When the lights come up on And Tell Sad Stories of the Death of Queens — which is playing at the Yale Cabaret now through Saturday night— something transformative is already taking place.
It’s not just the elaborate set, arranged to reflect queer New Orleans circa 1957.
The specter of Tennessee Williams is everywhere: reclining on the chaise, where he’s dressed in a nothing but a red silk kimono; mixing a cocktail at a well-stocked bar; straight-backed and skinny at a typewriter, a set of flexing, manicured fingers striking the keytop as a ribbon whirs away inside.
I think the strange/the crazed/the queer/will have their holiday this year, Williams writes out, letting the verse bounce and echo in his head. I think for just a little while/there will be pity for the wild.
Back in 2016 New Haven, an audience is wide-eyed at the words, watching as they fly from the main character’s drawling lips to a “straight” sailor’s unwilling ears, settling back on the page when they see they are not welcome. There is something exquisite and unsettling about the whole exchange, as if 60-plus years of queer history are being smushed together, and can’t find quite the right fit.

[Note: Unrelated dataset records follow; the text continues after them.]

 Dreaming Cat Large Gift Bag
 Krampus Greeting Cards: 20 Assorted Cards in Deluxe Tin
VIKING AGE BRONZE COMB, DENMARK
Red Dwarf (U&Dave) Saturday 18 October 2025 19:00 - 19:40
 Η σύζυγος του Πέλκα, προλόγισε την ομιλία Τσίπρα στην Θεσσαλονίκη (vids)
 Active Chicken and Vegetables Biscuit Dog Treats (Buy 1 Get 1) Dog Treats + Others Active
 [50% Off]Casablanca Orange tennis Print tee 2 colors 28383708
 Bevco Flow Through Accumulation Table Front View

Which feels, surprisingly, like a good thing. In a massive win for first-year director and cab debut Rory Pelsue, Williams’ little-known work takes on a sort of fabulous posterity, walking the tightrope between mid-century gay New Orleans and 21st century America, where it seems impossible that the same systems of sexual oppression, violence and want are still taking place.

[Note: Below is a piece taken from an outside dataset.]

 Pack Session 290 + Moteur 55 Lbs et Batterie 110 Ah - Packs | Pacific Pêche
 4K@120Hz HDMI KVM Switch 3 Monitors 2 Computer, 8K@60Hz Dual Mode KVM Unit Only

In Williams’ world, it is the late 1950s, and New Orleans’ French Quarter is pulsating with a vibrant and not-so-clandestine culture of drag, wildly popular in the city from the 1930s onward. Our main character, Candy, is a queen to rule all queens — or so she would have us believe — who has built up a small fortune through her work as an interior decorator. As she rattles off her successes — three properties in the area, one in old slave quarters, where she may or may not be displacing black people — audience members get a glimpse into the relationship she’s pursuing with Karl, a cash-strapped, ostensibly hetero sailor who rebuffs her advances. Anguish-racked and desperate for companionship after her husband has left her, Candy begs Karl to stay, bending to his will in a way she sees as exercising hers. When he ultimately does, exchanging some seriously abusive sex for money, it feels tragic and joyous and inevitable.
That part, in and of itself, isn’t actually as weird as it may seem to current viewers. As George Chauncey explains in Gay New York, the first half of the 20th century saw straight, working-class men paying gay men and queens for sex, as long as they were permitted to maintain the macho or masculine role. Instead, it’s Karl’s sense of propriety and sexual violence, so out of place in Candy’s world of affect and ornament, that rattles viewers, proving too much for them — and for Candy herself — by the end of the night.

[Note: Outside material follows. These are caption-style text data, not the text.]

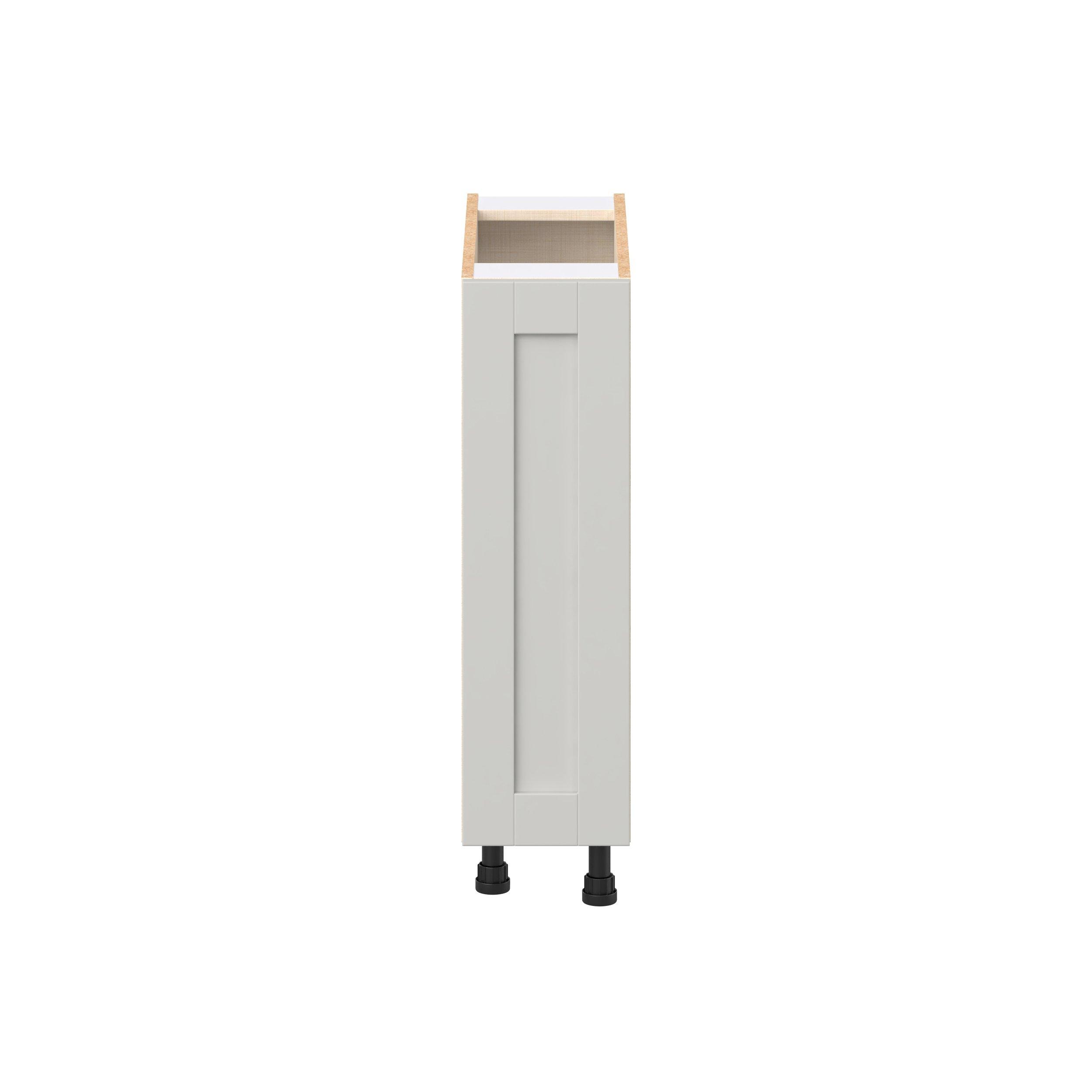 Summerhill 9 in. Light Gray Spice Rack Pull-Out Base Cabinet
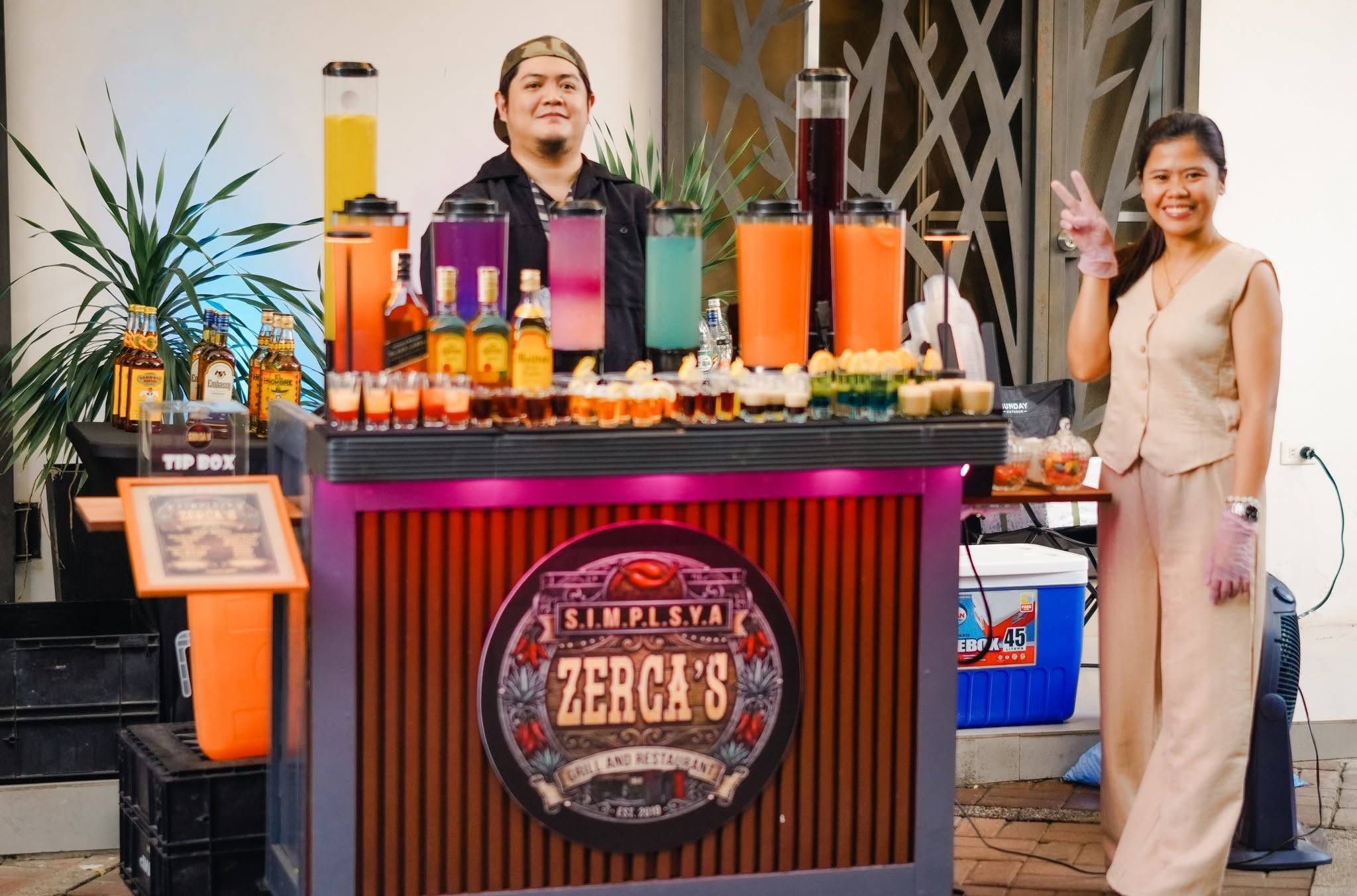 Mobile bar setup
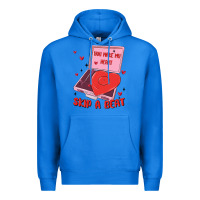 True Royal heart record player Premium Hoodie - MaliasSmallBusiness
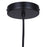 Canarm Pelia 1 Light 7" Pendant, Black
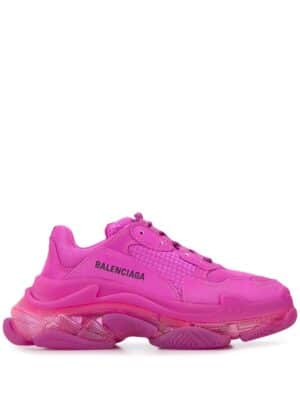 Balenciaga Triple S sneakers met doorzichtige zool - Roze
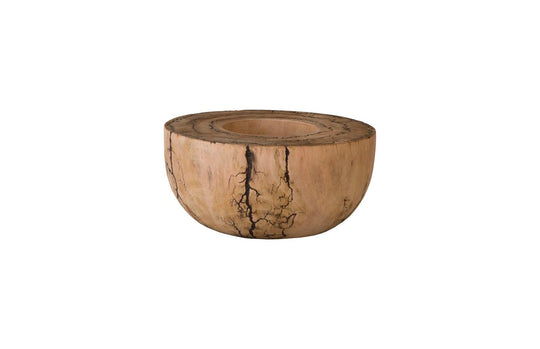 Phillips Collection Lightning Bowl, Mango Wood DECORATIVE TRAYS, PLATES, + BOWLS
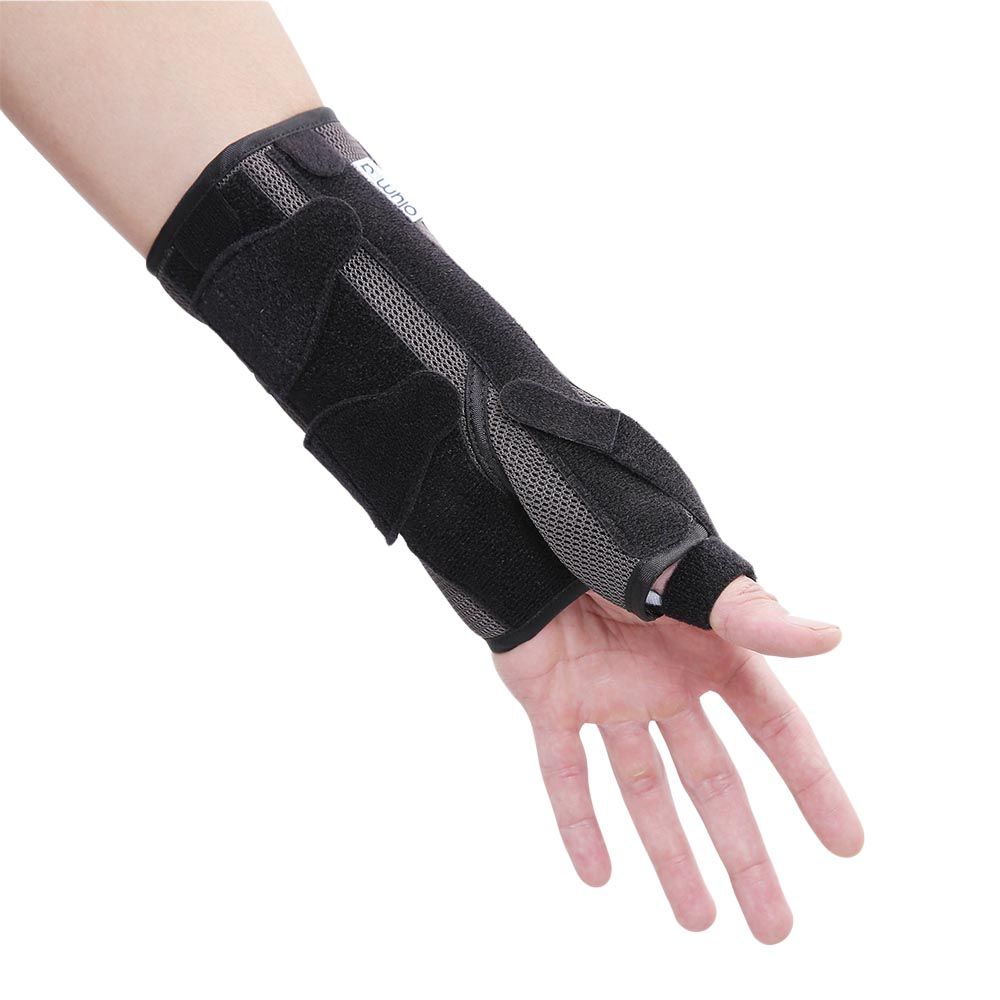 Olympa Wrist & Thumb Brace with Stay Left Grey-Black Extra Large OEH-411 - Easy Pharmacy LLC
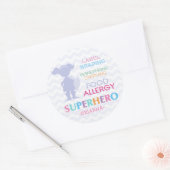 Food Allergy Superhero Girl Stickers (Umschlag)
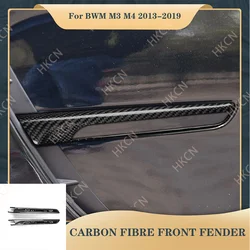 For BMW M3 F80 13-19 M4 F82 F83 Car Accessories Dry Carbon Fiber Fender Air Vent Flow Trim Replacement Tuning Retrofitting Part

But Pelsue and an extraordinary Candy (first-year Yale Drama student Patrick Madden) don’t stop there. Tying a stunning, pristine set and perfectly contained script to current events, Pelsue captures in Williams’ words, now over half a century old, what it means to grapple with gender, cultural appropriation, and otherness. At moments, we feel deeply for Candy, her desperation for Karl’s companionship — and willingness to submit to abuse — at once destructive and intimately familiar. At others, we critique her as she uses her profession to justify, consciously or not, a particular taste for japonisme that rivals the MFA Boston’s big cultural gaffe last year. Meanwhile, the script operates with a subtext rich in current and cross-generational references from ignorance-fueled proclamations on trans- and cis- gender use of public spaces to The Danish Girl, the straightest queer movie to come out of 2015.
There is one truth that still stands tall at the end of the night, as audience members start to make sense of the others. This country, as Candy herself says near the beginning of the show, would be absolutely barbaric without queens. And without immigrants. And without black lives mattering. And without others, so many others, reveling however carefully in their otherness. It would be a crying shame if we ever forgot that.